- **Task details**: Without the pictures, output the records below exactly as they are.

- **Material supplied**:
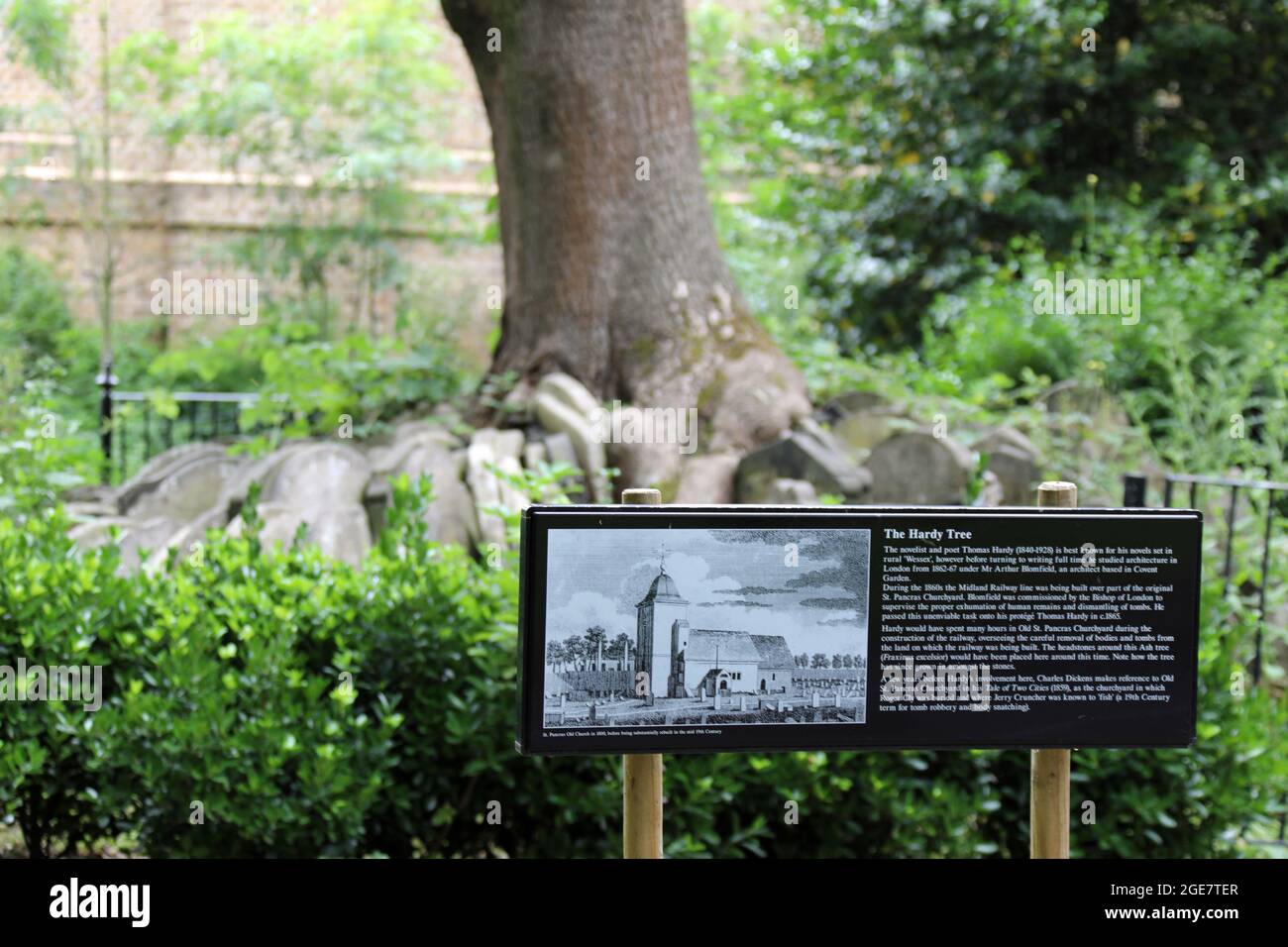 L'albero Hardy alla chiesa vecchia di St Pancras in Camden Foto Stock
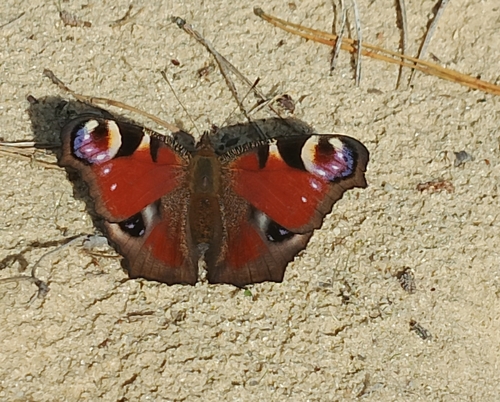 European Peacock Butterfly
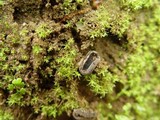 Helvella cupuliformis image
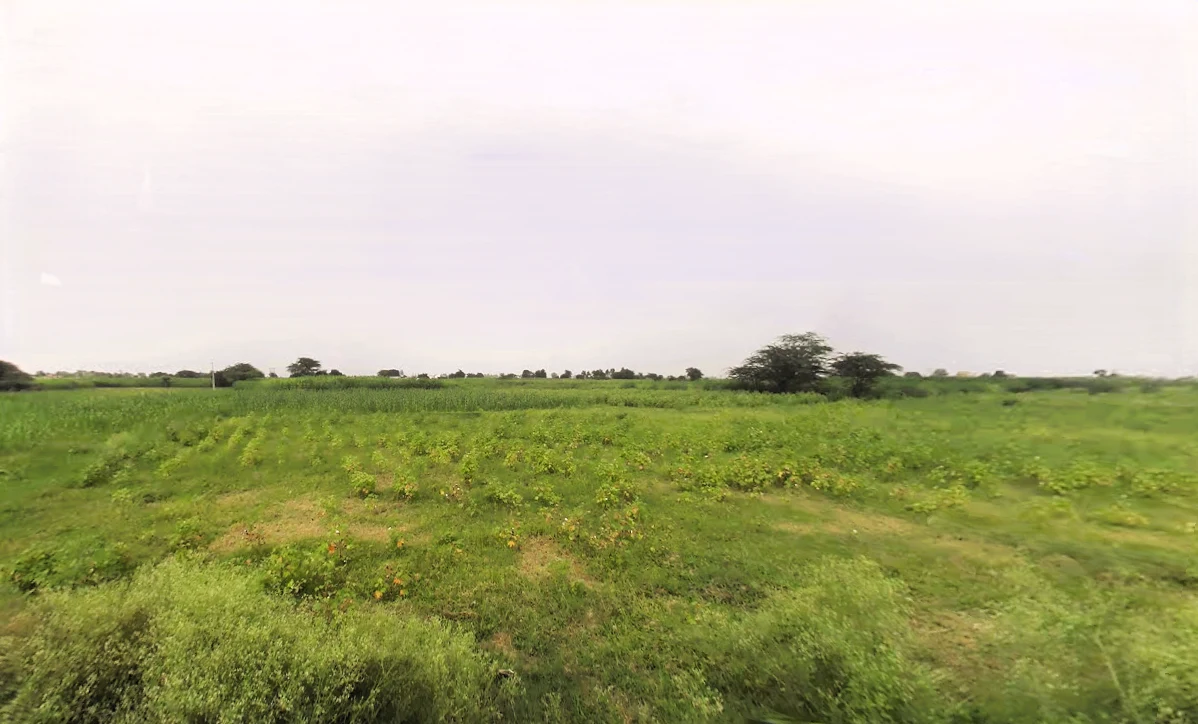 Saveli, Haryana 121105, India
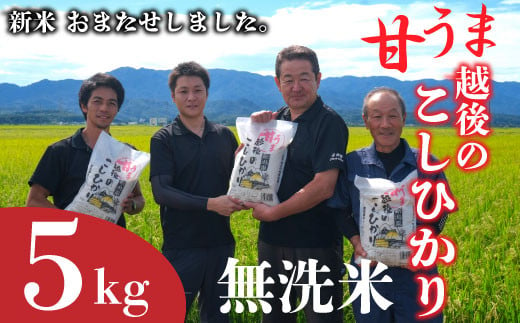 [先行予約]令和6年産 新米 無洗米 コシヒカリ 5kg 甘うま越後のこしひかり 越後 えちご 特別栽培米 新潟 コメ こめ お米 米 しんまい 新潟県 新潟米 新発田市 新発田産 10月発送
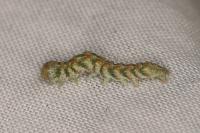 Cucullia absinthii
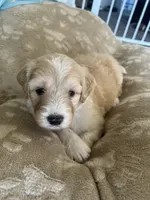 Vampire, a female Poodle - Standard  and Golden Mountain Dog for sale in Calhan, CO – 3 of 4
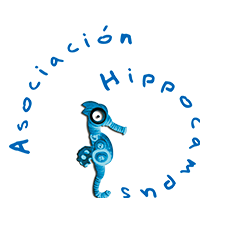 Asociación Hippocampus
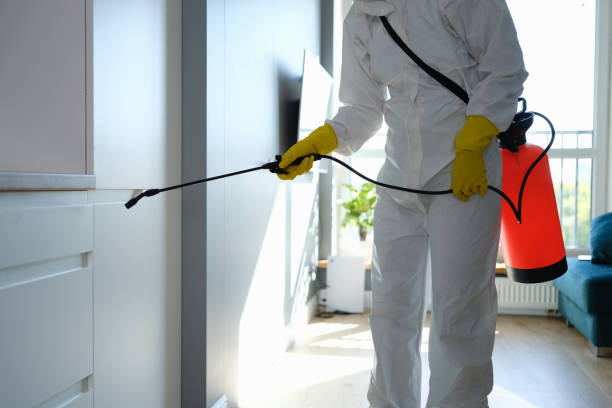 Best Emergency Mold Removal  in Wilder, ID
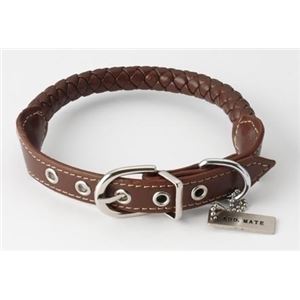 (まとめ)Maniera カラー S ブラウン【×2セット】 (犬用品/首輪)(卸商品)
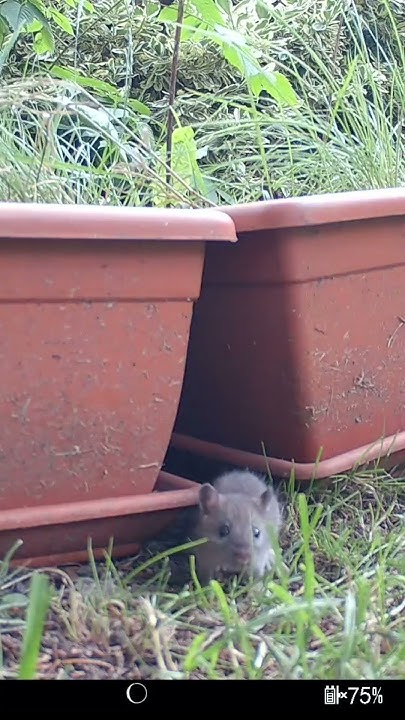 Rattenplage im Garten Nächste Generation in 2024 ist da YouTube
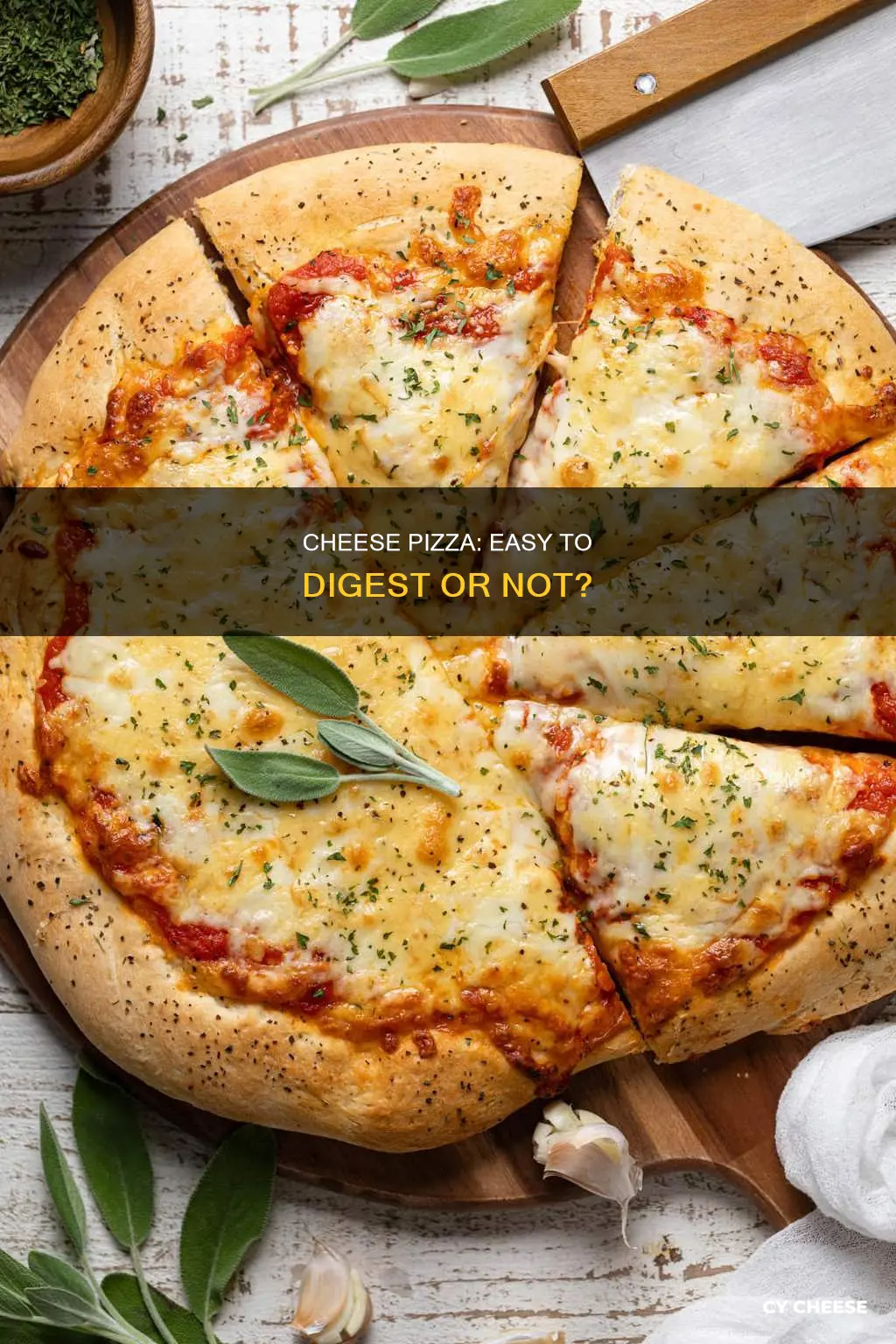 is cheese pizza easy to digest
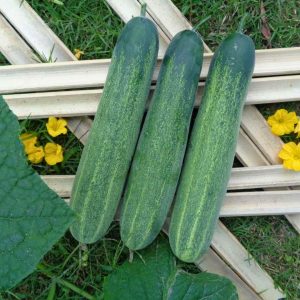 Cucumber - Mitali Long Green Seeds
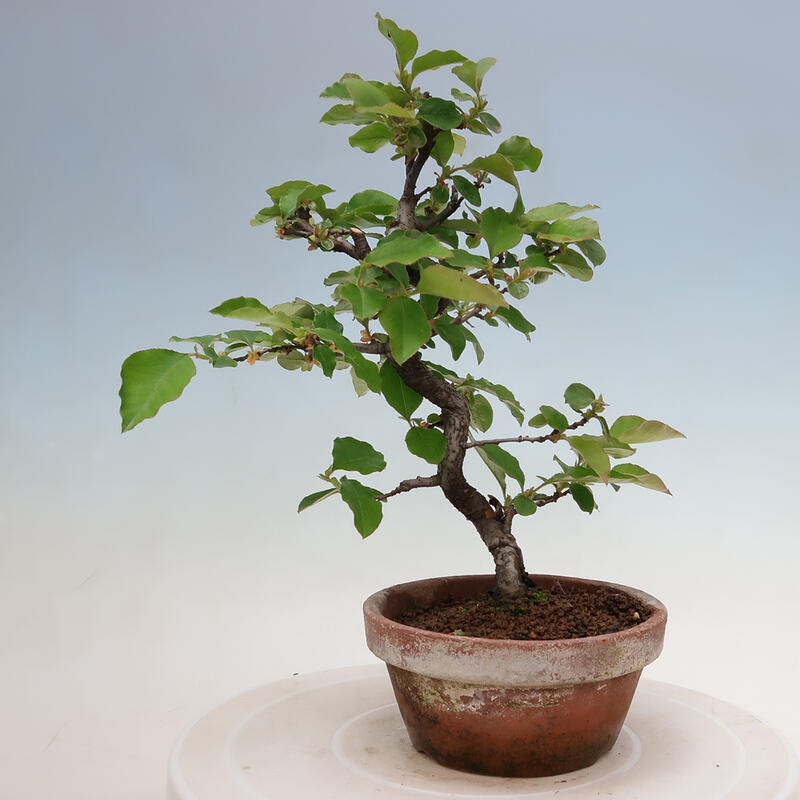 Outdoor bonsai - Pseudocydonia sinensis - Chinese quince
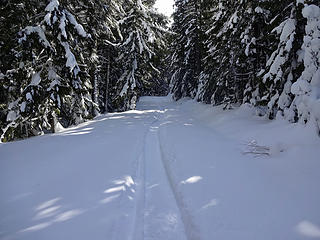 Snowmobile track.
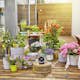 Semesterbevattning Gardena AquaBloom Set
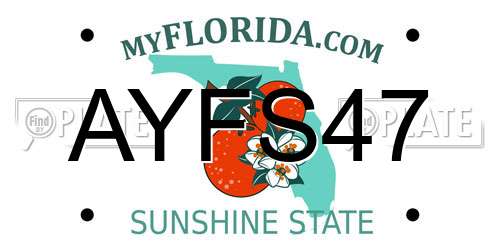AYFS47 Florida License Plate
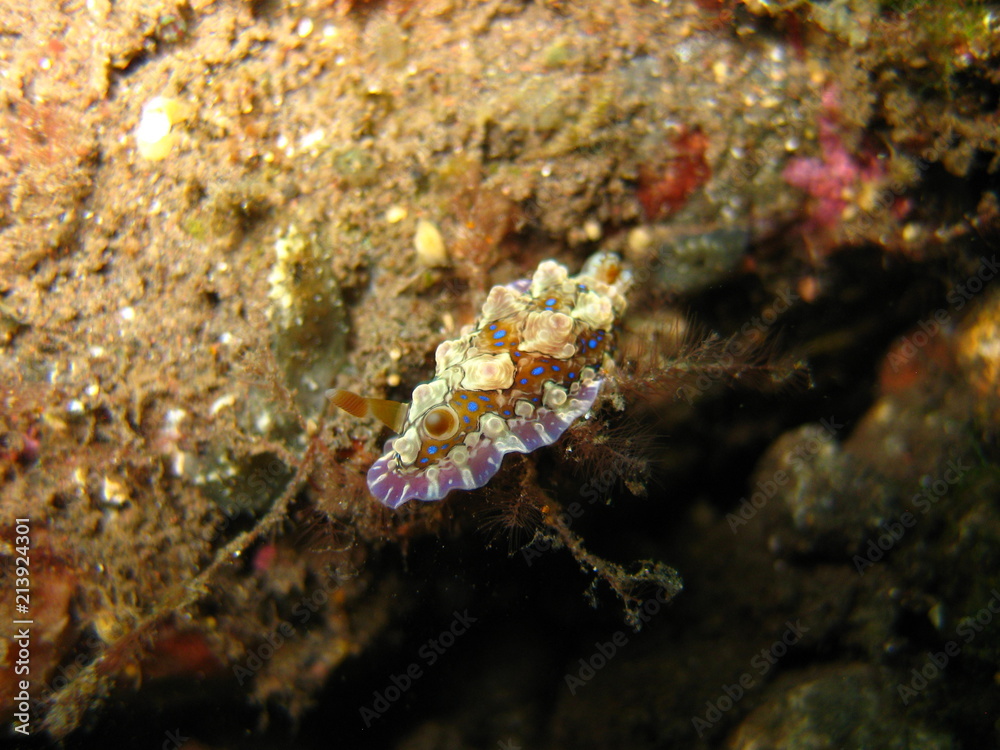 Meeresschnecke Meeresschnecke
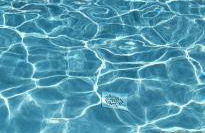 La Casetta di Camelia - Foto 47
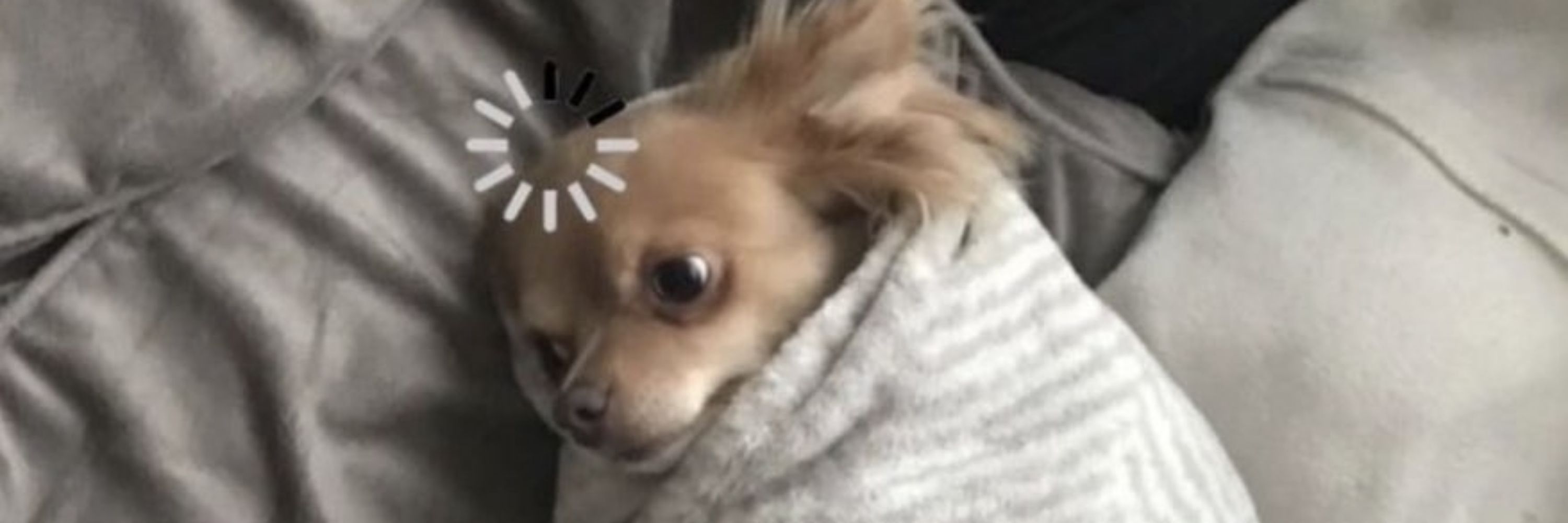 cute.jpg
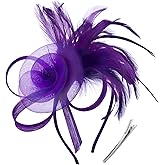 DRESHOW Fascinators Hats for Women Tea Party Fascinator Hats Vintage 50s Headwear Cocktail Wedding Church Derby Hat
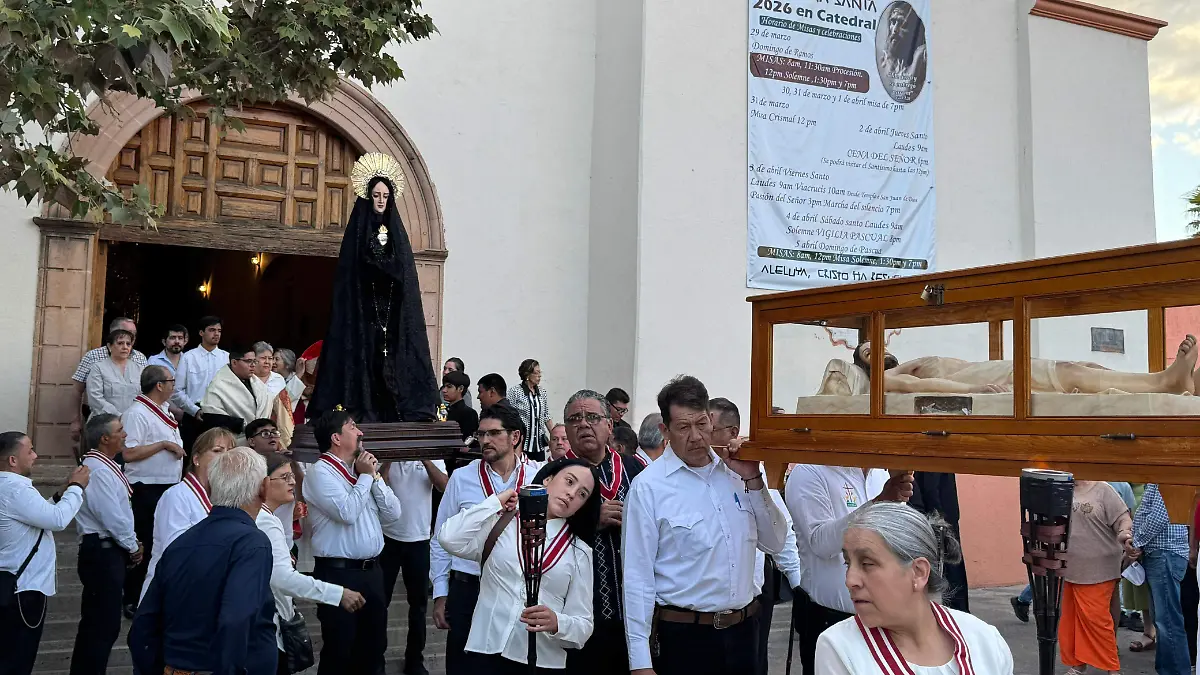 WhatsApp Image 2026-04-03 at 19.50.12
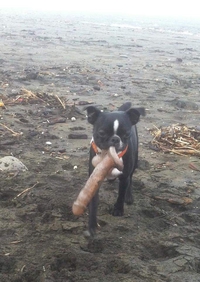 Kan ton clébard ramène n'importe quoi sur la plage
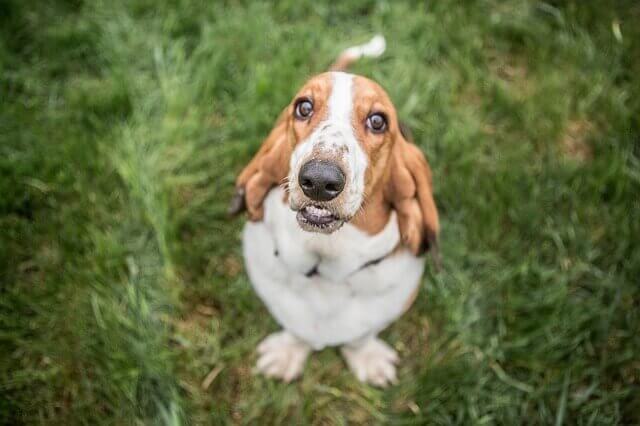 Basset hound dog breed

- **Answer to the problem**:
 L'albero Hardy alla chiesa vecchia di St Pancras in Camden Foto Stock
 European Peacock Butterfly
 Helvella cupuliformis image
 Saveli, Haryana 121105, India
 [先行予約]令和6年産 新米 無洗米 コシヒカリ 5kg 甘うま越後のこしひかり 越後 えちご 特別栽培米 新潟 コメ こめ お米 米 しんまい 新潟県 新潟米 新発田市 新発田産 10月発送
 Cucullia absinthii
 Vampire, a female Poodle - Standard  and Golden Mountain Dog for sale in Calhan, CO – 3 of 4
 Asociación Hippocampus
 Best Emergency Mold Removal  in Wilder, ID
 (まとめ)Maniera カラー S ブラウン【×2セット】 (犬用品/首輪)(卸商品)
 Rattenplage im Garten Nächste Generation in 2024 ist da YouTube
 is cheese pizza easy to digest
 Cucumber - Mitali Long Green Seeds
 Outdoor bonsai - Pseudocydonia sinensis - Chinese quince
 Snowmobile track.
 Semesterbevattning Gardena AquaBloom Set
AYFS47 Florida License Plate
 Meeresschnecke Meeresschnecke
 La Casetta di Camelia - Foto 47
 cute.jpg
 DRESHOW Fascinators Hats for Women Tea Party Fascinator Hats Vintage 50s Headwear Cocktail Wedding Church Derby Hat
 WhatsApp Image 2026-04-03 at 19.50.12
 Kan ton clébard ramène n'importe quoi sur la plage
 Basset hound dog breed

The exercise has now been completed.